Запретное чтение - [58]
Я подозревала, что в стране, в которой была изобретена русская рулетка, тоже хватает самоубийц, но понимала, что сейчас не время об этом говорить.
— Это так грустно, — сказала она. — Остаться сиротой в Америке… Но его обязательно усыновят. Люди с радостью усыновляют белых детей.
Я ошеломленно помешивала спагетти в кастрюле. Наконец мне удалось объяснить, что я везу Иэна в Вермонт, где он пока поживет у своей бабушки.
— Планы немного изменились, — сказала я. — Мои родители об этом ничего не знали. Но я уверена, что все наладится. Его бабушка — хорошая женщина, уравновешенная, она вполне в состоянии о нем позаботиться.
Минуту спустя в кухне появился Иэн, он гордо продемонстрировал мне три красные отметины у себя на большом пальце — укус Валентины.
— Хорошенько промой рану, — посоветовала я. — С мылом.
Мне не хотелось даже думать, каким станет Иэн, если заразится бешенством.
Вскоре мы все сидели за большим обеденным столом, и запах чеснока милосердно перекрывал запах хорька. Мы все замолчали, когда Леон торжественно воздел руки над едой и закрыл глаза.
— Как говорят у нас в Старом Свете, — произнес он нараспев, совсем как священник, — кушайте — не подавитесь!
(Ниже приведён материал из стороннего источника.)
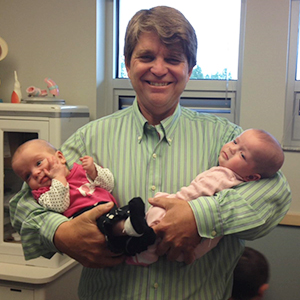 Dr. John Cullen, holding two babies he delivered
Иэн расхохотался и в ту же секунду коршуном набросился на чесночный хлеб, стоявший на противоположном краю стола. Прежде он всегда исправно склонял голову перед едой, и мне казалось, что с каждым разом его молитвы становились все длиннее и длиннее. Правда, я не была уверена, что он молится по-настоящему, уж больно торжественное у него становилось лицо, и к тому же он все время приоткрывал один глаз, чтобы проверить, смотрю я на него или нет. Но сегодня мне показалось, что он остался вполне удовлетворен шуточным благословением Леона.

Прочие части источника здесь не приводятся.